§ **WHAT THE TASK ASKS**
Everything from the line containing "Süslü tahta ustası sınıf boyası kurutur." to the last line of the listing below should be restated exactly, both ends included, with nothing added and the pictures omitted.

----- PROVIDED RECORDS -----

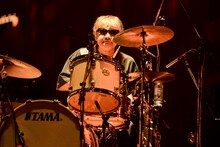 佐藤シンイチロウ（Dr）（撮影：橋本塁＜SOUND SHOOTER＞、玉井信吾）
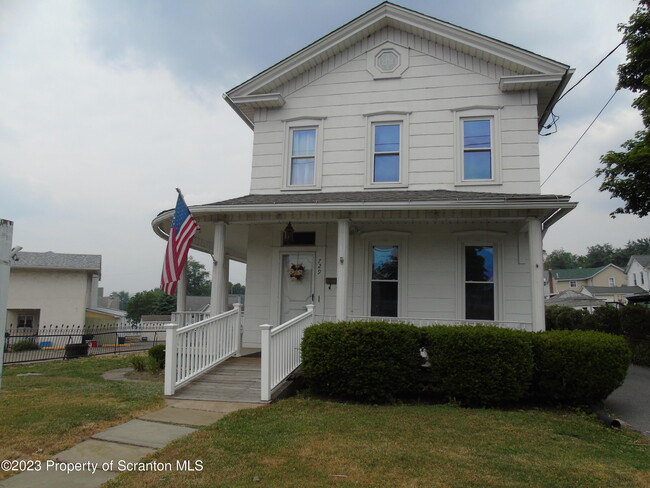 Building Photo - 729 Main St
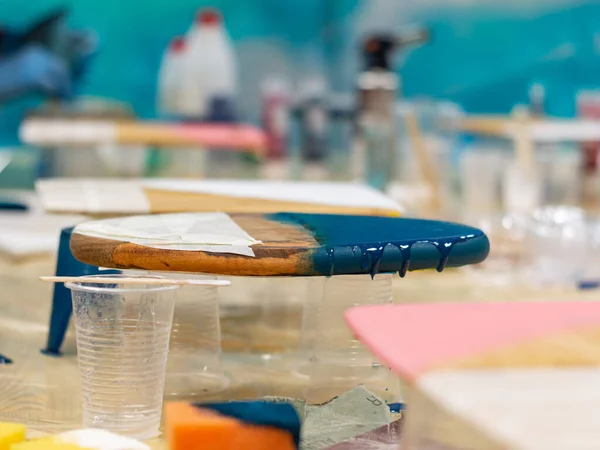 Süslü tahta ustası sınıf boyası kurutur.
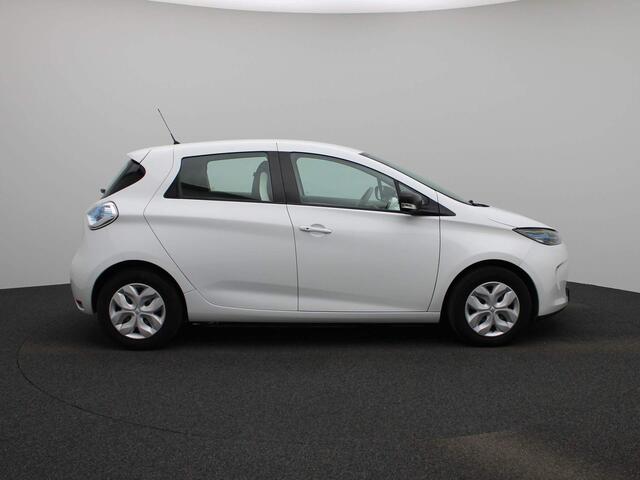 Renault ZOE R90 Life 41 kWh | Incl. Koopaccu | PDC Achter | Licht- & Regensensor | Full-Map Navigatie | Cruise Control & Snelheidsbegrenzer | Climate Control | Keyless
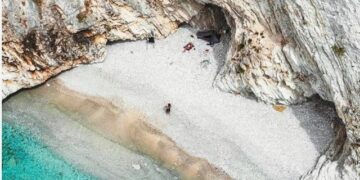 Kryebashkiaku Tavo apel qytetarëve dhe turistëve: Zbritja me litar në Gjirin e Filikurit, e rrezikshme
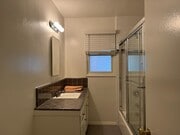 Photo - 257 E Benbow St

-----

§ **TASK OUTPUT**
 Süslü tahta ustası sınıf boyası kurutur.
 Renault ZOE R90 Life 41 kWh | Incl. Koopaccu | PDC Achter | Licht- & Regensensor | Full-Map Navigatie | Cruise Control & Snelheidsbegrenzer | Climate Control | Keyless
 Kryebashkiaku Tavo apel qytetarëve dhe turistëve: Zbritja me litar në Gjirin e Filikurit, e rrezikshme
 Photo - 257 E Benbow St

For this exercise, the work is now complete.